Do-it-yourself repairs are certainly not new. Home and garden shows and networks (HGTV and The DYI Network) have glamorized being handy. That’s not necessarily a bad thing, however, in an effort to save money, the DYI option could backfire. Some projects could actually cost additional time and may be more headache or/and danger to your personal health and safety.
Here are 3 areas home owners should call in the professionals.
- ANYTHING plumbing that pertains to Potable (sanitary) water and the waste lines (AKA – Sewer System). Your plumbing system distributes safe drinking water. You also use this water to prepare food. Complex pressurized water systems can include welding (copper pipes) and special pipe-fitting. Once the water is used it must be discarded. Waste line repairs are not only yucky but in some jurisdictions may be subject to municipal inspections and/or permitting. Leave repairs to your main plumbing system to a Pro.
- ANYTHING electrical. This is a HUGE no-no zone to the DYI expert. It’s true, electrical work seems rather simple on the surface. Caution! – Things can get dangerous and complicated quickly. So if you find yourself standing in front of an open panel of wires wondering which one connects where you should STOP and leave the electrical repairs to a Pro.

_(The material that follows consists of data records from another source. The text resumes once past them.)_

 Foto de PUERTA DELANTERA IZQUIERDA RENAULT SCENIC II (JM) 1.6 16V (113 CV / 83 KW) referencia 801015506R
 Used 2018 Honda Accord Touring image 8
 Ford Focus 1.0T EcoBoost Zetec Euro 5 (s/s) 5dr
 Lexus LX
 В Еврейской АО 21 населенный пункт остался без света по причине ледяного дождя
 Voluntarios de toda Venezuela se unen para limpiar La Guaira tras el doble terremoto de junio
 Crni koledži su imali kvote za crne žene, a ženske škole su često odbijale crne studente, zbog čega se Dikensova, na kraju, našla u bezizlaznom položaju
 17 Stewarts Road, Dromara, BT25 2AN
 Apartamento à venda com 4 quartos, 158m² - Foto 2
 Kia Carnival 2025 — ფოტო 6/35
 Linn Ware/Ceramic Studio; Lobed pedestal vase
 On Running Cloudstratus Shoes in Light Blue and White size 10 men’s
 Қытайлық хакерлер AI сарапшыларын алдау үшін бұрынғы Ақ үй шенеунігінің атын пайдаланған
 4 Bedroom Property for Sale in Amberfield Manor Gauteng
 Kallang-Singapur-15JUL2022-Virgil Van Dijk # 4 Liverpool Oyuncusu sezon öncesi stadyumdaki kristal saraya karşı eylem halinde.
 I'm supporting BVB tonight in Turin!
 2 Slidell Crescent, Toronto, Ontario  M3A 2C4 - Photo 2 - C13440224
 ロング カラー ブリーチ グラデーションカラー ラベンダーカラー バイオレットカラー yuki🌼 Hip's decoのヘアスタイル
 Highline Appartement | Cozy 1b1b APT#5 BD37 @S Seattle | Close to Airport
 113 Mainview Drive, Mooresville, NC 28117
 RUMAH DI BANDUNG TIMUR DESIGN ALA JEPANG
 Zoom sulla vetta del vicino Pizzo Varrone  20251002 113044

- Garage Door Repairs. This is the largest moving object in your home. Garage doors are heavy and cumbersome, most have complicated springs, cables and pulleys are under extreme tension. Serious injury can occur if you either deliberately or accidentally loosen or remove the wrong part. It’s OK to maintain safe operation of the door, but leave garage door repairs to a Pro.
These DIY Celebs Agree!
Grab a cup-o-joe and listen to married hosts Mark & Theresa as they interview DIY experts and celebrities, share how-to tips, and more on MyFixitUpLife. From demo to decorating, they’re breaking down the DIY dilemma with a few of your favorite experts.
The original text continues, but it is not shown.